Steve and I went to my company holiday dinner on Thursday night. As we were driving up to the restaurant, we got on the topic of his career. The regional airline he used to fly with just got their pass benefits rearranged with their mainline carrier, which is what sparked the conversation. Sucks to be them. I understand it all and why the move was made, but it still sucks. Steve said, again, that he has no regret in making the move 4 years ago from regional flying to mainline flying. He has pretty much said that from Day 1.
When Steve got the call for the interview we knew it was a GO if he was offered the job. I was working a good job (same job still) and we didn't have kids yet. The struggle would be between me and Steve...not me and Steve and kids. We had prepared for it financially, and it was an exciting time for us. Steve got some new shoes, got his suit tailored to fit him like a glove, can you believe he still wears the same suit he got in college, and got a haircut. Oh, and he got a new tie too. Red with little navy dots with a white center...very boring but necessary. He hasn't worn that tie since the interview...yes, it really is that boring.
During our ride, we were talking about people who chose NOT to go from regional to mainline. This one guy was all set to go mainline in terms of seniority, but his wife held him back. I don't know why. Pay cut? Worst schedule at first? Fast forward a couple of years and she cheated on him. They are now divorced and he is still with a regional. I feel so badly for the guy. Nicest guy in the world, and this all happens. Granted he may be very happy with the regional, but he had the chance and his cheating wife stopped him.
Another guy made the decision not to go since back in the day his dad, a pilot, never got his job back after a strike due to scabs, I believe. This guy holds resentment towards these pilots and has chosen not to fly with them.
Another guy moved to mainline a couple years ago, and it wasn't until lately that we think he and his wife are happy with his decision.
Making the move isn't easy. Not only do you deal with a pay cut, you also have to deal with going through training, IOE, probation, and sitting reserve. Not to mention waiting to see what aircraft you get and what base you are out of. That alone makes a lot of "what if" conversations.
Training sucks for both pilots and the home front. Learning a new plane is like drinking for a fire hose, they say. So, he was studying all.the.time. I forget how long training was, isn't it funny how you block out bad memories, but it wasn't easy. We hardly ever talked. He made it through, and all the hardship was just a memory.

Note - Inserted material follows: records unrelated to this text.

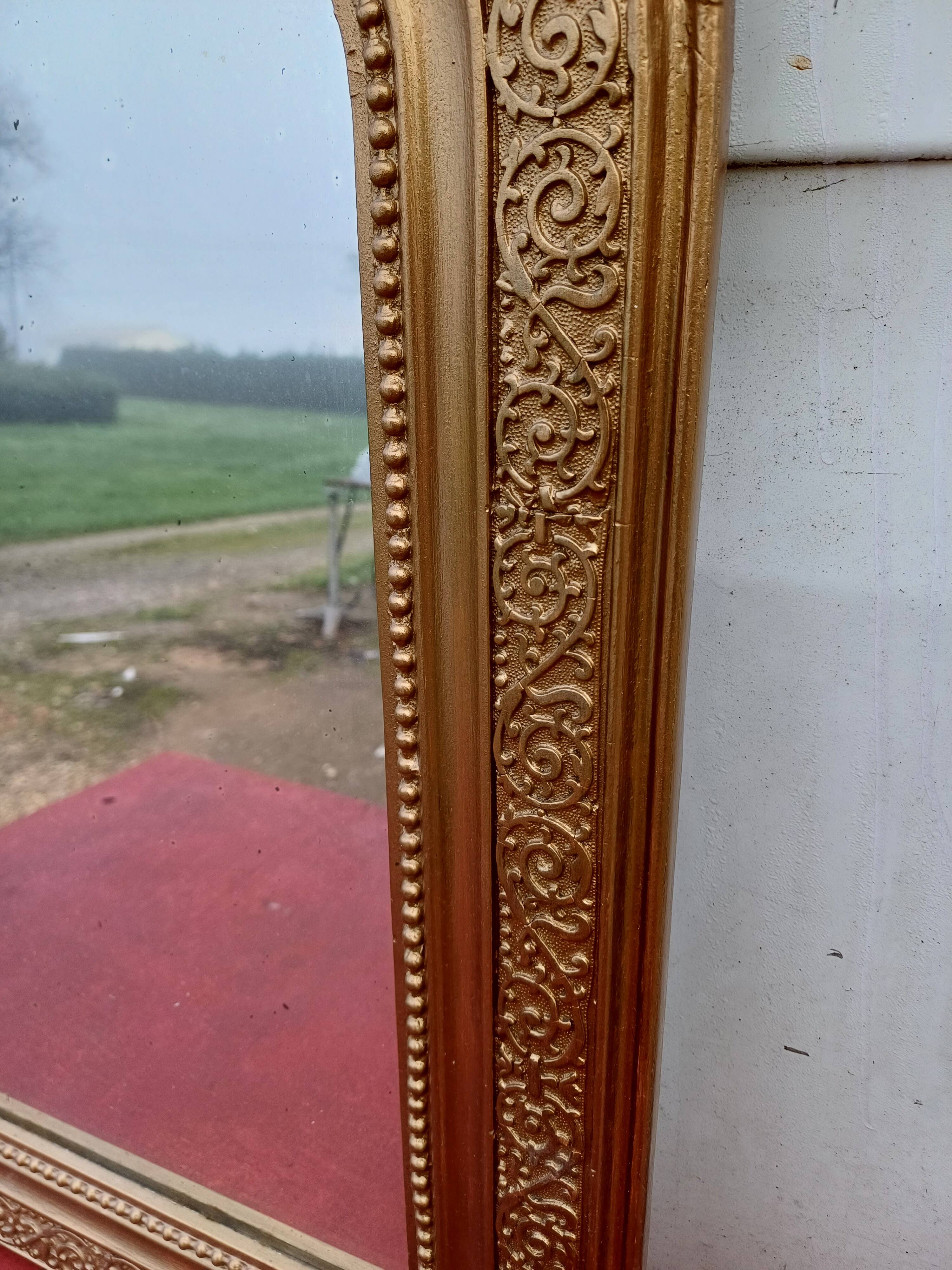 19th century wood and gilded stucco mirror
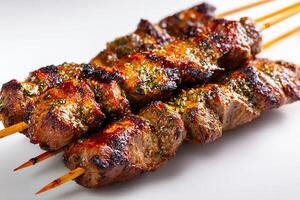 Realistic grilled Moroccan beef skewers served on white background close up view photo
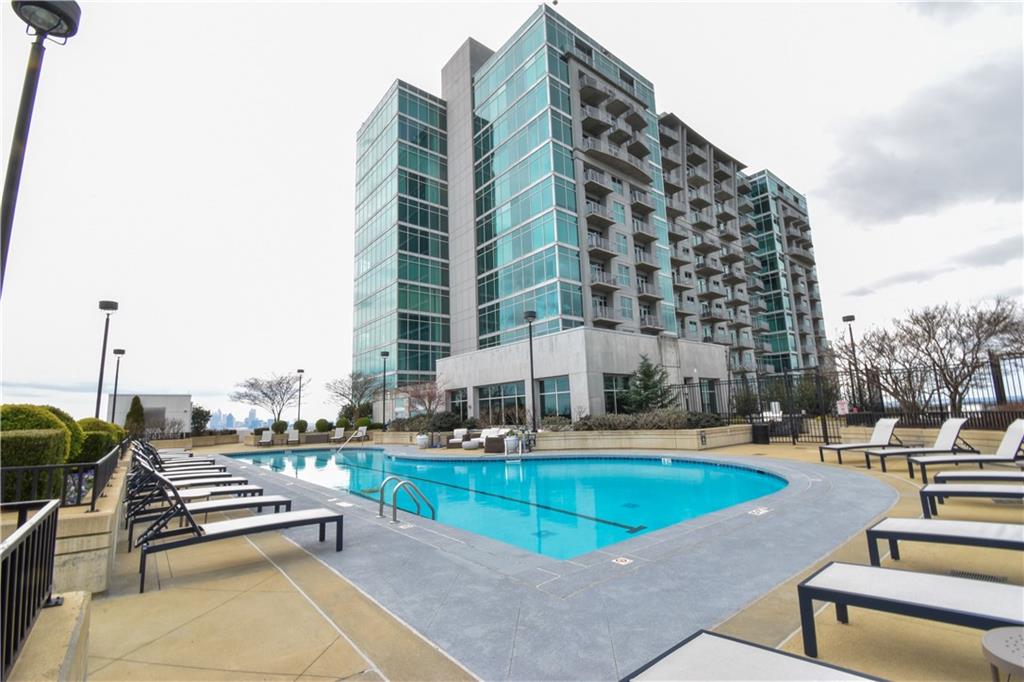 250 Pharr Road Northeast, Unit 1103 Atlanta, GA 30305 - Photo 11 of 16 a view of buildings with swimming pool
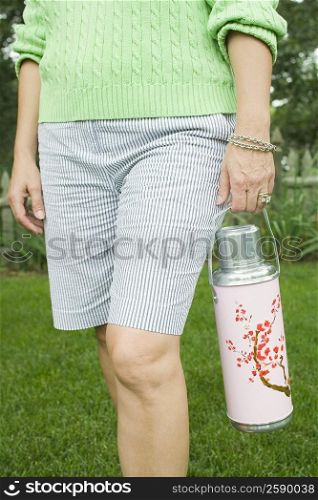 Mid section view of a woman holding an insulated drink container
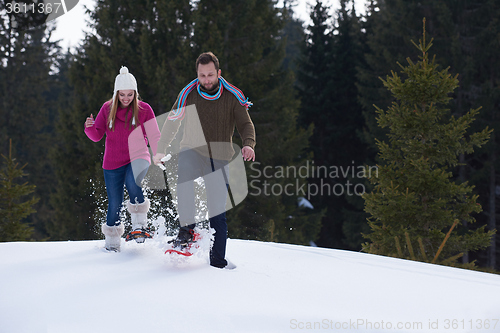 Image of couple having fun and walking in snow shoes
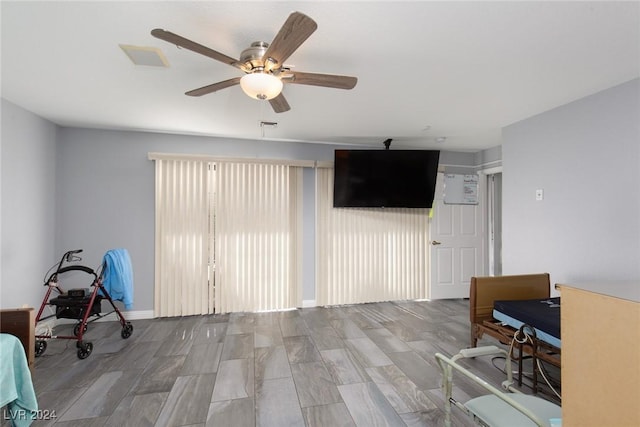 interior space with ceiling fan and light hardwood / wood-style flooring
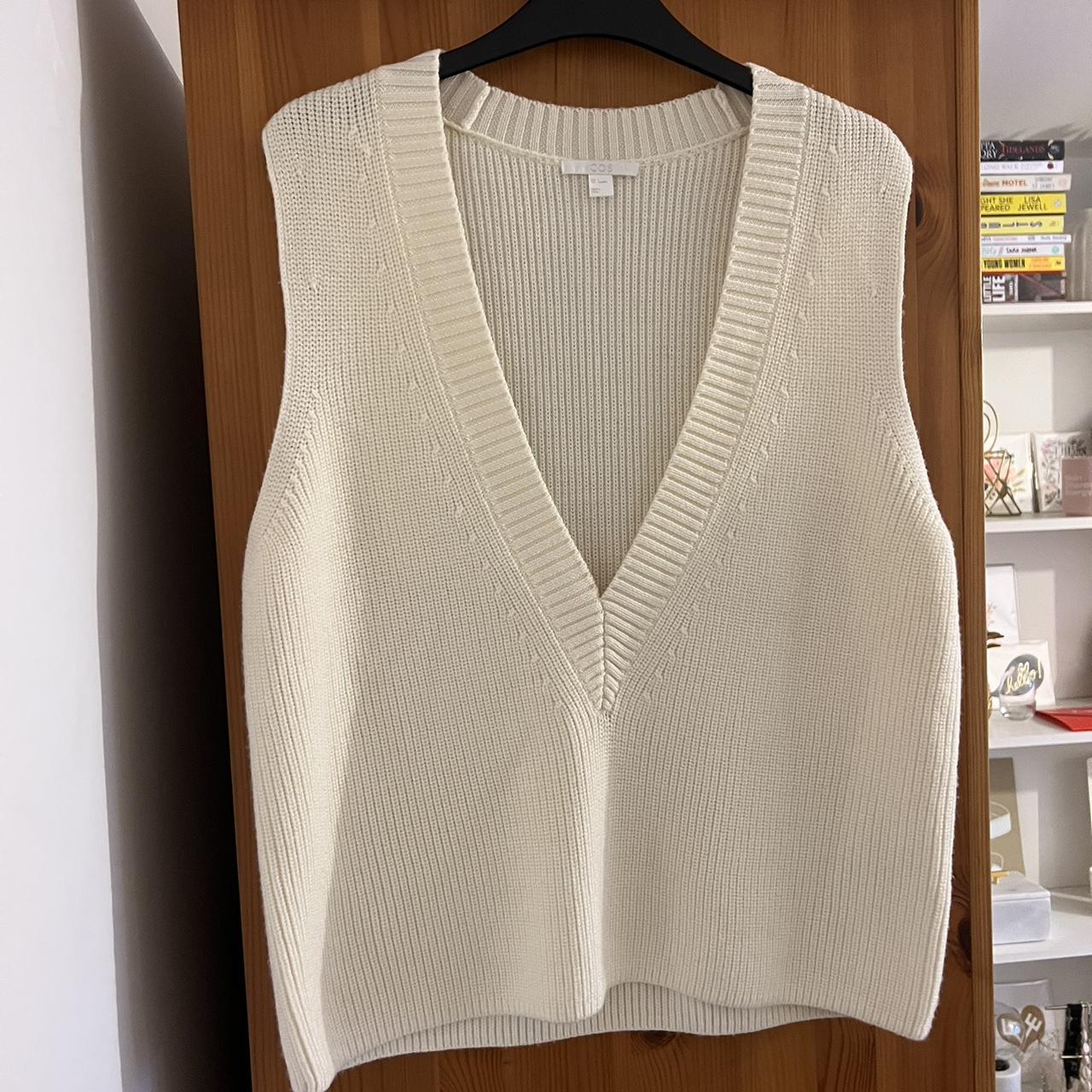 Cream deep v-neck knitted vest by COS. A new take... - Depop
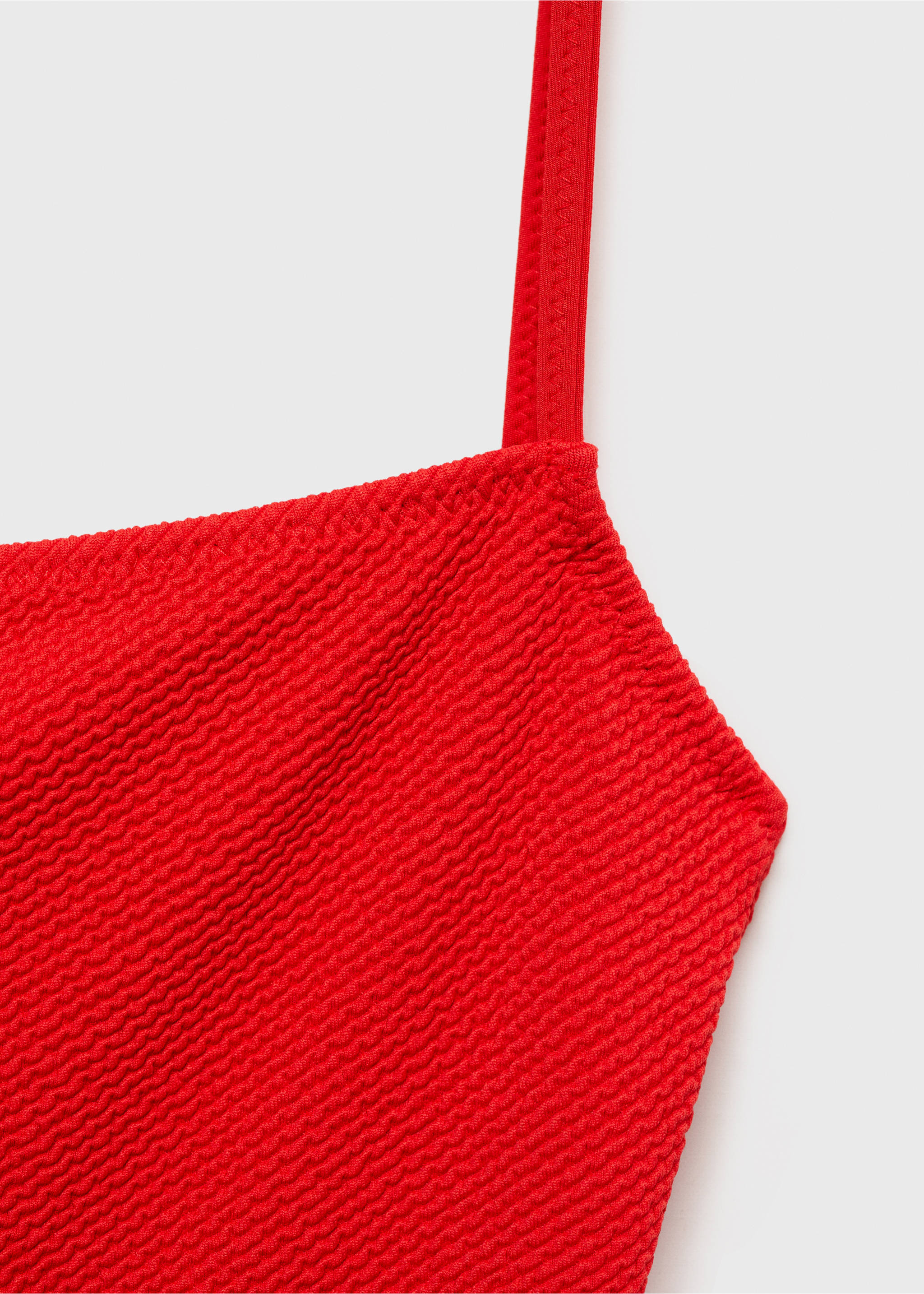 Close-up of a textured red swimsuit strap and bodice detail., Red. Ref: 87035956-00.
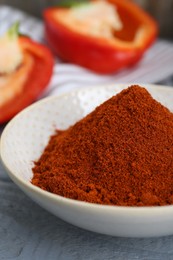 Photo of Bowl with aromatic paprika powder and fresh bell peppers on grey wooden table, closeup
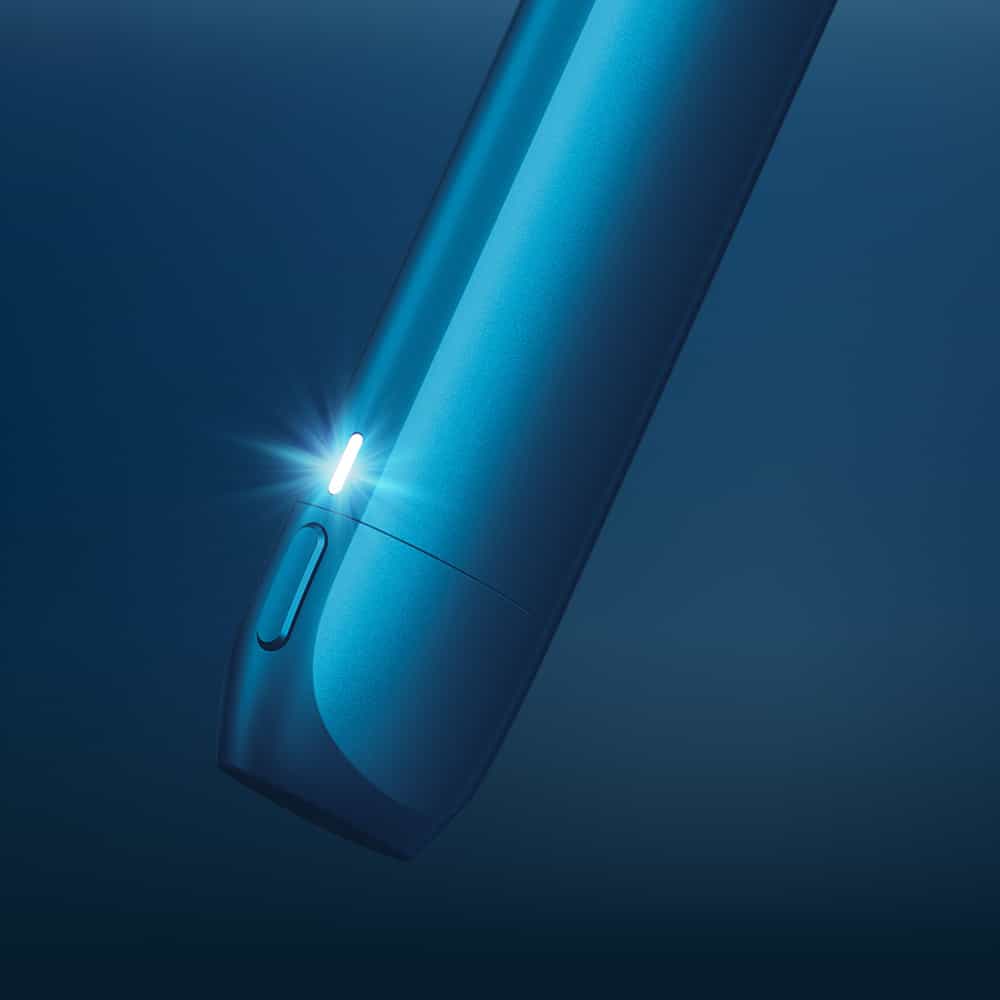 Vuse | Gros plan sur un appareil électronique bleu doté d'un voyant lumineux, aux bords lisses et arrondis et muni d'un bouton sur le côté, sur fond bleu foncé. | Cigarettes Electroniques et Recharges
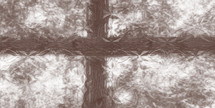rough brown cross behind patterned glass 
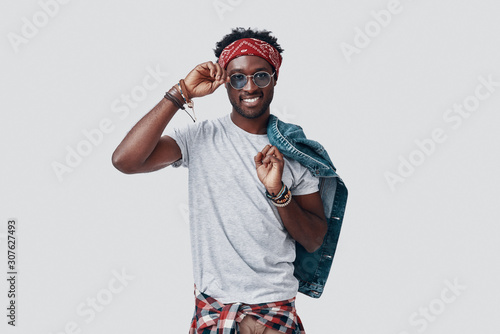 Handsome young African man adjusting his eyewear and looking at camera while standing against grey background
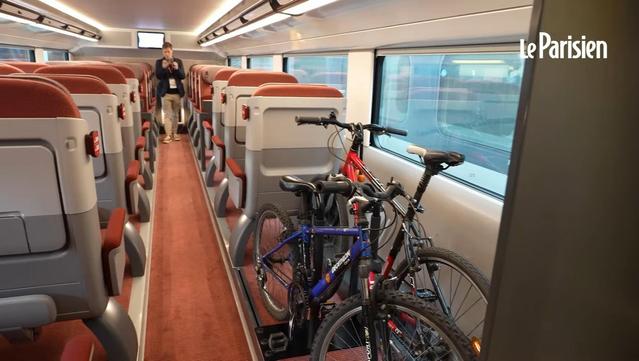 Video screenshot of a first-class area with 2 bicycles behind the column of single seats at the carriage entrance. Source: https://youtube.com/watch?v=EDqIPfuGF8U at 24 seconds.
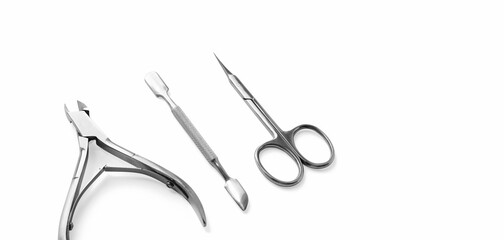 Close-up manicure and pedicure nail care tools set isolated on white background with selective focus and copy space. Cuticle pusher, cuticle trimmer and purpose scissor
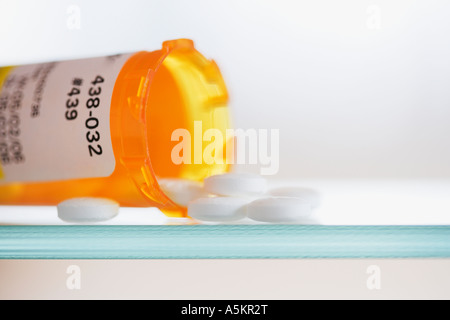 Close up of pills spilling out of medication bottle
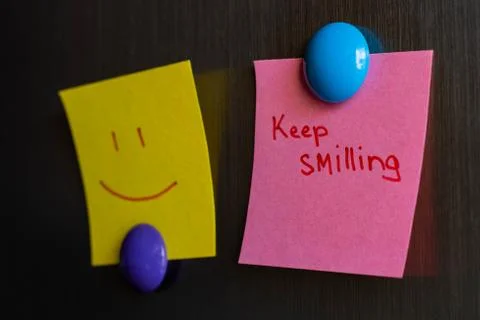 Sticky notes keep smiling and smiley magnet attached to the refrigerator. Stock Photos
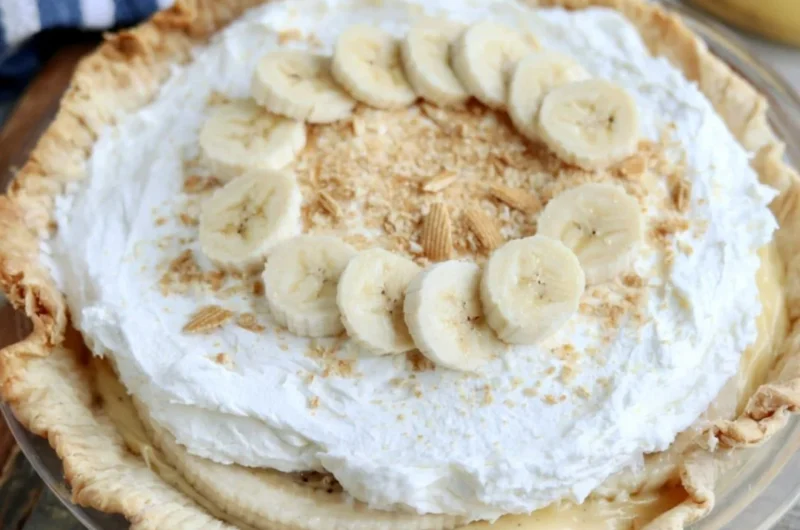 Delicious homemade Banana Cream Pie topped with whipped cream and sliced bananas.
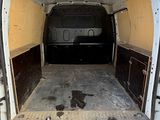 a white van that is parked in a lot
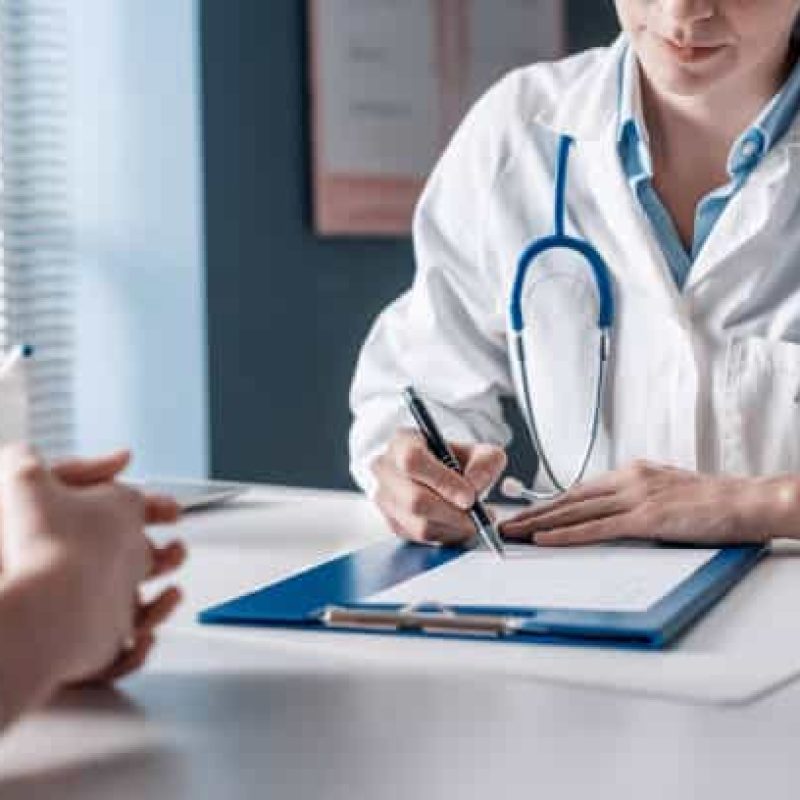 Doctor sitting at desk and writing a prescription for her patient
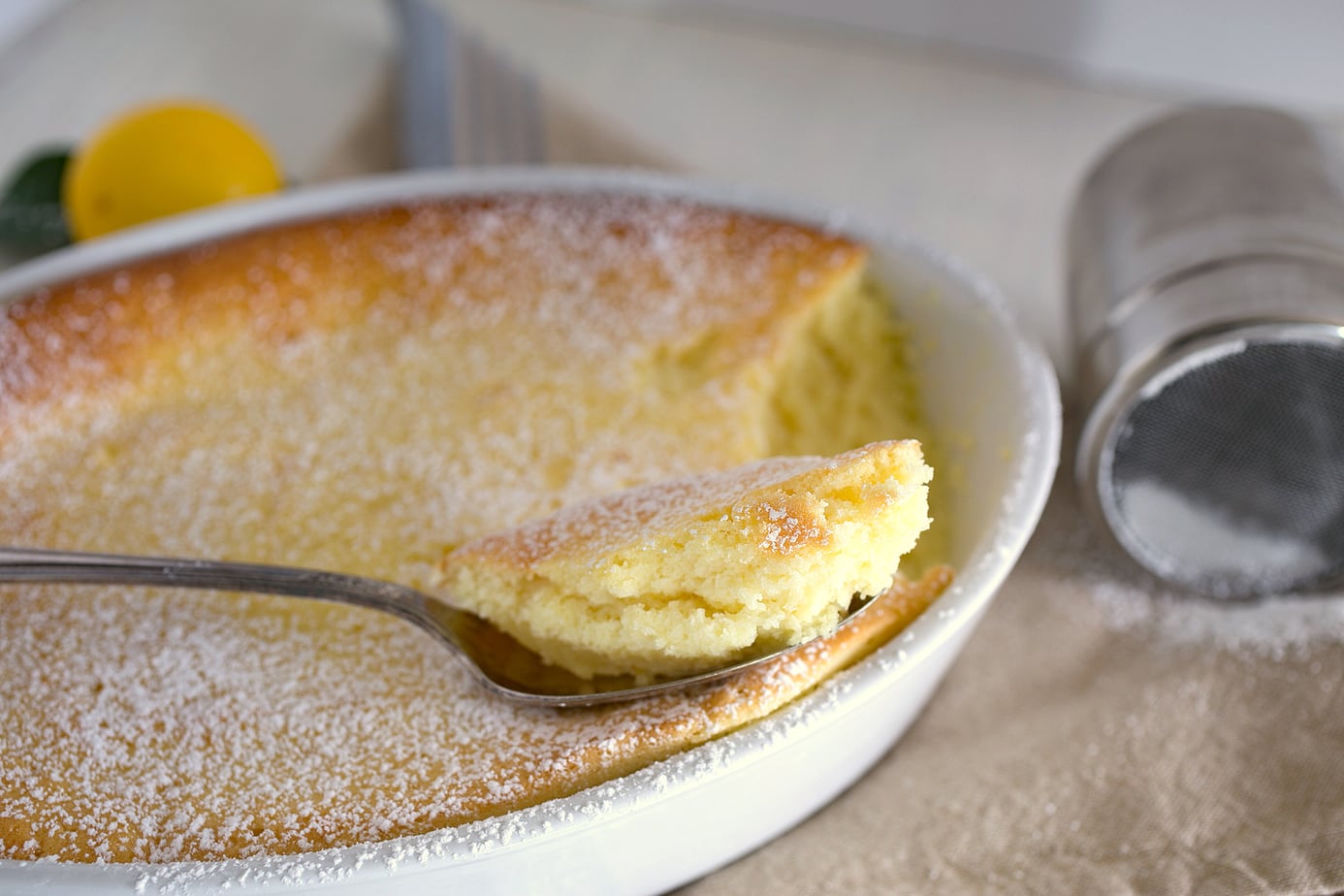 A spoonful of lemon souffle cake.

As a reward for all of his hard work during training and IOE I got him a pilot watch. I forget what brand it is, Citizens perhaps?, but I like it. And he wears it on every trip. Now that I think about it, he should have gotten me a present for all I did when he was training! This picture was taken when Ben was 8 weeks old. Steve was on FMLA for 8 weeks, and both he and I returned to work at the same time...and Ben was off to daycare.
I was telling Steve that it would have to suck to not have the support from your spouse to make the move. When Steve went mainline his salary was cut by 57%. With that went our dinners out all.the.time (we were D.I.N.K.s making decent money and were really enjoying life...traveling, eating out...you name it!) gym membership, cable, ect. We really trimmed our budget, and we managed. As a matter of fact, I remember making our first trip to ALDI (which I still shop at today and love) and I actually looked at Steve in the parking lot and said "this can be fun!" No sense in dwelling in the hardships...make good of what you have. We knew this would all be temporary, and it was.
Steve is now back to a paycheck that was once familiar to us. He has good schedules - no more flying five legs in one day. Okay, he will have the occasional four legs, but that isn't too often. He actually has a typical schedule that the kids and I can count on. I should also add that Steve got hired before the bulk of hiring was done at the time, so he is sitting okay seniority wise. Life is good. We rolled with the punches and we are doing alright. There are always twists and turns with this industry, but we are fortunate to be where we are right now. Since they are in contract negotiations now, our life has the possibility of changing very quickly. But, we will be okay. We support each other and are in it together.